Lest our ideas are recognized

Posted on January 12, 2011


There are instances when we come through important and practical thoughts and ideas in profession, while on other hand we come across generic statements as well.

I was going through a note from an important consultation approach paper titled ‘Inputs from the Civil Society Consultations on Rural Water and Sanitation for the Approach Paper to Planning Commission’s 12th Five Year Plan’, that lead me to read the document at http://bit.ly/i21ppX . The approach paper is meant to given practical suggestions and recommendations to Planning Commission at Government of India for its 12th five year plan, on various planning related aspects in Rural Water Supply and Sanitation issues.

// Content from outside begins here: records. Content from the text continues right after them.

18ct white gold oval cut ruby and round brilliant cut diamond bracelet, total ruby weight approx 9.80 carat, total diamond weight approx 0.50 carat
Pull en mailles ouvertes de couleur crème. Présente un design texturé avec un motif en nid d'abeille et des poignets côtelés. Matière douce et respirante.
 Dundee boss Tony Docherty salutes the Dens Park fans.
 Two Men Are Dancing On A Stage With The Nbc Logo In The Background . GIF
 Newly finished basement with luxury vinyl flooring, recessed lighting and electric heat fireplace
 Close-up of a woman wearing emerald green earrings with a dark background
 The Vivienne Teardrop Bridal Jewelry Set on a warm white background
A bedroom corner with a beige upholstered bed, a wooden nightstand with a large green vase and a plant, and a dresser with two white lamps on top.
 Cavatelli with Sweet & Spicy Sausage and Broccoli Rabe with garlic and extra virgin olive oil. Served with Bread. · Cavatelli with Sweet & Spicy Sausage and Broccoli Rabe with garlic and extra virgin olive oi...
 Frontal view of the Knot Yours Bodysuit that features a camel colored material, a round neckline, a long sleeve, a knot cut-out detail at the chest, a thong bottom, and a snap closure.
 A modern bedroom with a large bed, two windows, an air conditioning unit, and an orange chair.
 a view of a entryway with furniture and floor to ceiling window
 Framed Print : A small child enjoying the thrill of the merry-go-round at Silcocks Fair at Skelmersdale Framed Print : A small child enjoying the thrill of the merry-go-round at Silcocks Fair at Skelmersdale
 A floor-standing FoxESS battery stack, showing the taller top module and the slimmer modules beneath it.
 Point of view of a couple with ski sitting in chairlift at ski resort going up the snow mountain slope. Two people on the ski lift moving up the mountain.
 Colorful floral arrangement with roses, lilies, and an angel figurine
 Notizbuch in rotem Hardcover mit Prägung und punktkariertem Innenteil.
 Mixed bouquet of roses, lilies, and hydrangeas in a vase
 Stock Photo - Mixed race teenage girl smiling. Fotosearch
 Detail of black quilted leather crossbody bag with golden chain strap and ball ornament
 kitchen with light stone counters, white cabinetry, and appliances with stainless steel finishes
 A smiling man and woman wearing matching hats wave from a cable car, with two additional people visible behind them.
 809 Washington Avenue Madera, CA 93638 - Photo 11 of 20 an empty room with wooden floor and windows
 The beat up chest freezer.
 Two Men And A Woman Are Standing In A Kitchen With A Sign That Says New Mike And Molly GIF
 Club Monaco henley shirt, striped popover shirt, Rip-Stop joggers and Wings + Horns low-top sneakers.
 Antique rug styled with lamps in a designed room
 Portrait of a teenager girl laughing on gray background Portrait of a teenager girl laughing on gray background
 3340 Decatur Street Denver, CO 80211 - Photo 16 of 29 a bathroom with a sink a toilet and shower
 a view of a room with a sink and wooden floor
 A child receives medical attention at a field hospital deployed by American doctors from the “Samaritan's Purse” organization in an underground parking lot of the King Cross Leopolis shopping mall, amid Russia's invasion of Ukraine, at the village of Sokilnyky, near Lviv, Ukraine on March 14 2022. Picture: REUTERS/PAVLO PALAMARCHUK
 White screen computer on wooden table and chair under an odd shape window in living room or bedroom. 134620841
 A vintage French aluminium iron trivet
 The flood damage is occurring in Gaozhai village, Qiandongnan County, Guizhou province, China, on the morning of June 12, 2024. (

I wonder that though the document encompasses through various thematic topics, of which ‘Beyond WATSAN’ was quite interesting, but, remaining five were like the statement sums of all equations, that one could come across lifetime. Here, I feel that, when we are coming forward to give practical recommendations to a premier institution like Planning Commission of India, we must use our useful experiences and rational thoughts, for specific recommendations. It would be wise when such recommendation are based on certain examples and have the possibility of getting incorporated in said five year plan document. Time again, we should not be idealistic in giving suggestions those are neither practical nor feasible in any sense. I am wondering that, there is little coverage and mention about the water supply planning and sanitation related important aspects from 11 mountain states of India.

I am also wondering that on one hand Department of Drinking Water and Sanitation (DDWS) is on its way of developing fresh policy and guidelines for water and sanitation and on other Planning Commission of India is in the process of getting such documents prepared. Here, I don’t see any such mention in the approach paper, vis-à-vis any such coordination between Planning Commission of India and the agency entrusted the role of ‘Ensuring safe and sustainable water supply Sanitation for all’ i.e. Department of Drinking Water and Sanitation. It also becomes futile exercise when, within the agencies in India, there is no common understanding and coordination for preparing or helping the government in preparation of such policy document.

I could visualize the situation that, when the government institutions like Planning Commission of India will get plethora of such information and suggestion from all quarters, and ultimately our advisors, consultants and bureaucrats would not be able to pull out the practical recommendations for proposed policy document. Then, this will be an added dilemma to a proposed ‘reform’ and ‘set targets’!